North Carolina is a highly consequential state in the November election beyond the governor’s race, with 16 electoral votes up for grabs. Former president Donald Trump won it by his smallest margin of victory anywhere in 2020, and Vice President Kamala Harris has been targeting it as a pickup opportunity, partly emboldened by Robinson’s political vulnerabilities.

Robinson was already underperforming Trump in North Carolina polls before Thursday despite the former president’s enthusiastic support. Trump has repeatedly praised Robinson, calling him “Martin Luther King on steroids” during a campaign rally earlier this year in North Carolina.

After the CNN story published, the Harris campaign recirculated examples on social media of Trump praising Robinson. A Harris campaign spokesperson, Ammar Moussa, wrote on X that Trump “has a Mark Robinson problem.”

The Trump campaign did not immediately respond to a request for comment.

“North Carolinians already know Mark Robinson is completely unfit to be Governor,” Stein’s campaign said in a statement after the CNN story was published. “Josh remains focused on winning this campaign so that together we can build a safer, stronger North Carolina for everyone.”

Some North Carolina Republicans said Robinson needed to end his campaign - or provide more of a rebuttal to the CNN story.

“For the sake of the party, for the sake of our down-ballot races … and for the sake of Donald Trump’s victory in North Carolina, I think Mark Robinson needs to drop out,” said Jonathan Bridges, who managed the campaign of one of Robinson’s rivals in the GOP primary, former congressman Mark Walker.

Scott Lassiter, a Republican running in a competitive state Senate race in North Carolina, also called on Robinson to suspend his campaign. Lassiter said in a statement, “North Carolinians deserve a viable choice in this election.”

Rep. Richard Hudson (R-N.C.), chair of the National Republican Congressional Committee, told reporters in Washington after the CNN story came out that the “allegations are very concerning.”

“I think he needs to give [a] detailed response that the allegations aren’t true,” Hudson said.

Separately, after the CNN report, Politico published a story that said the same email address that Robinson used for the porn website was found registered on Ashley Madison, a website used to arrange extramarital affairs. A Robinson campaign spokesperson did not immediately respond to a request for comment, Politico said.

CNN, in its story, said it was only publishing a “small portion of Robinson’s comments on the website given their graphic nature.” In one instance, the outlet said it was omitting “graphic sexual details” as it described how Robinson fondly remembered “peeping” on women in public showers as a teenager.

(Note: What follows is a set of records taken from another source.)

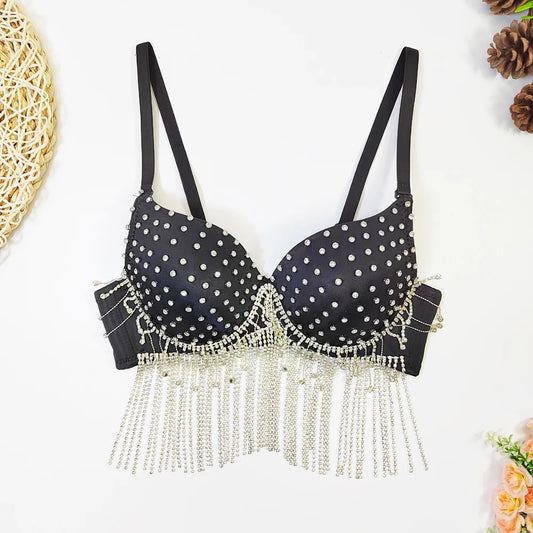 Y2k Top Shirts for Women Clothing Sexy Tank Tops Bra Bling Diamond Rhinestone Fashion Clothes Hotsweet Party Night Club Corset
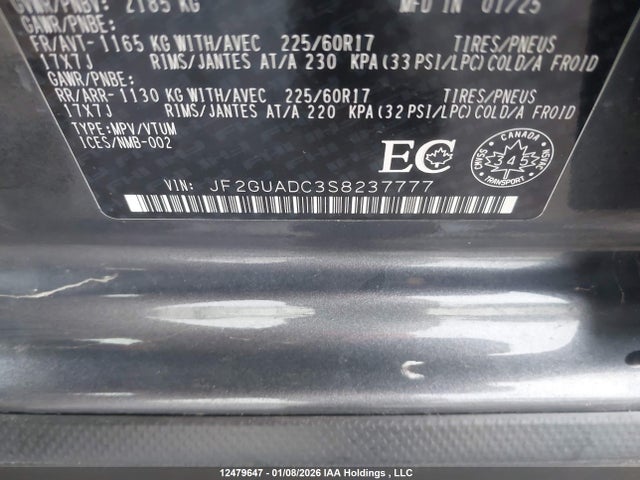 Aukcja sprzedaży 2025 Subaru Crosstrek Premium, vin: JF2GUADC3S8237777, numer aukcji: 12479647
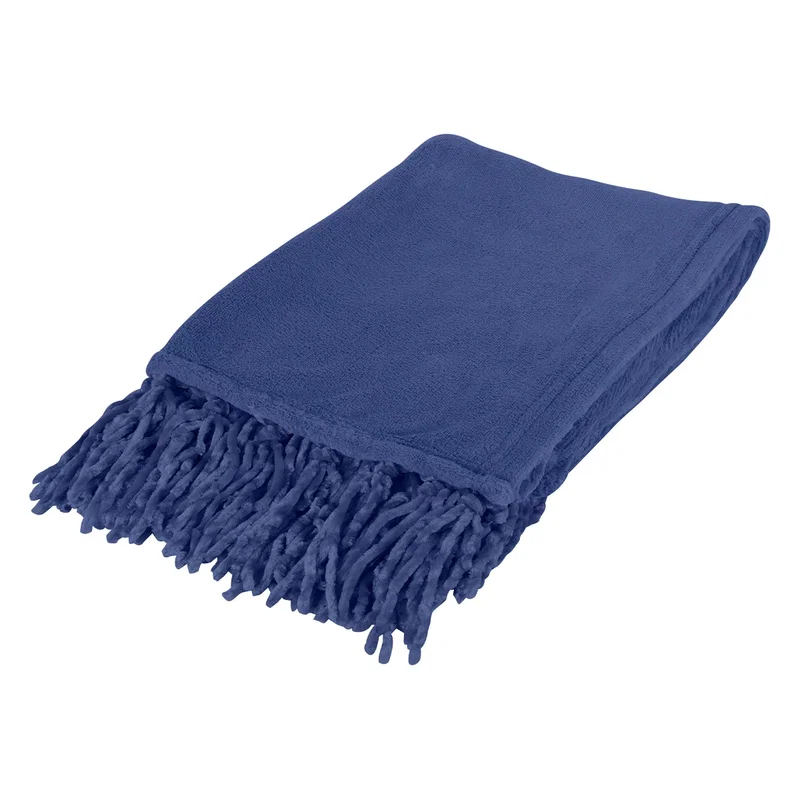 Black chenille throw draped over the arm of a sofa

When it came to slavery, CNN reported that Robinson, who is Black, called for its reinstatement in a 2010 post after commenting: “Slavery is not bad. Some people need to be slaves.”

CNN detailed extensive efforts to verify that the username under which the comments were made belonged to Robinson. The network said Robinson listed his full name on the website and an email address that he has “used on numerous websites across the internet for decades.”

Asked in the CNN interview about the evidence linking him to the username, Robinson said he was “not going to get into the minutia of how somebody manufactured this, these salacious tabloid lies.”

Ahead of the story’s publication, few seemed to know what the new information would entail, but Republican officials, including some working on behalf of Trump’s presidential campaign, were pressuring Robinson to withdraw from the race, according to multiple political professionals in the state who spoke on the condition of anonymity to speak candidly.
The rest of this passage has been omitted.